I feel like most sufficiently rural families have this myth or some myth along those lines. Idk exactly why, there's probably some big anthropological explanation why these myths arise. It's just, like, "who makes that kind of thing up? There must be some truth to it!" (it's 100% made up).

it's especially weird because, well my dad gave me a very generic "yeah we totally have blackfoot in us", but my mom's side was very specific, she was always told her grandmother was a major part pawnee. but i can just go online and find a picture of her and census entries of all her grandparents and great grandparents and theyre all white!!

I think that's most likely, but it's hard to be sure. It was beneficial to pretend to be white if you could at all get away with it, even if only on some stupid federal government document.
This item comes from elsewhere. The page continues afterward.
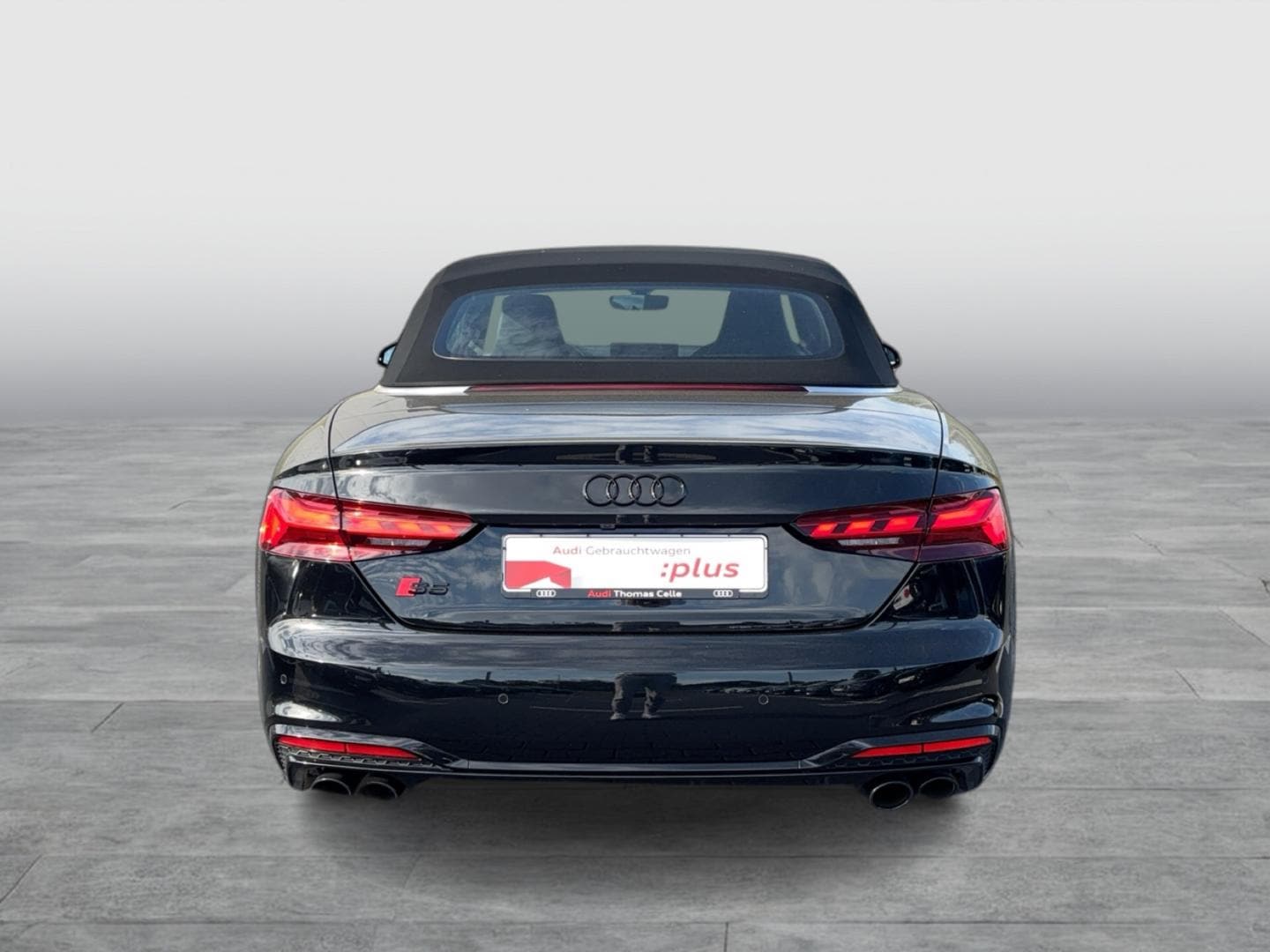 Bild über Audi S5 Cabriolet TFSI quattro tiptronic - für weitere Informationen kontaktieren Sie den Audi Partner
And names on official documents aren't a very good lead by themselves, as almost any Native participating in white society adopted a "Christian name". If a branch of your genealogy is Anglo-sounding but mysteriously unsourced before the 1800s, chances are real that you might be looking at Native Americans; that's how mine is (well, swap in Spanish), and we know our stories to be accurate as it's essentially borne out by photographs too. (On the other side of the family, my Cherokee ancestor is not on the Baker or Dawes rolls, and we believe it's because he was a bastard child raised by a white mother for the first part of his life and then unofficially renaturalized into the tribe at a later date as a teen or young adult, having been "adopted" by someone in it, involving a move to Arkansas before returning to the area he was raised in. That's about all we know.) The point is that it's not always as simple as "definitely", "definitely not", or "no clue". History has a way of being deceitful and if it happened on both sides of my family I imagine it's quite common.
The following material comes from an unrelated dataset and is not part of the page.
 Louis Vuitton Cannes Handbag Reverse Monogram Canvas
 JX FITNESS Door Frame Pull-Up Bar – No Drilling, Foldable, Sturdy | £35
As for why people would come up with a fib, cross comparing culturally, it might be covering up for Black ancestry or something considered more embarrassing than Native American (I have a sneaking suspicion that "Blackfoot-Cherokee" is a euphemism for Black, Black/Cherokee, or Cherokee-owned ex-slaves, seeing as Blackfoots didn't live anywhere near the South and we know of no band of Cherokee also known as the Blackfoots), the same way "Portuguese" became a euphemism for Jewish or anything else you didn't want to disclose in parts of Latin America.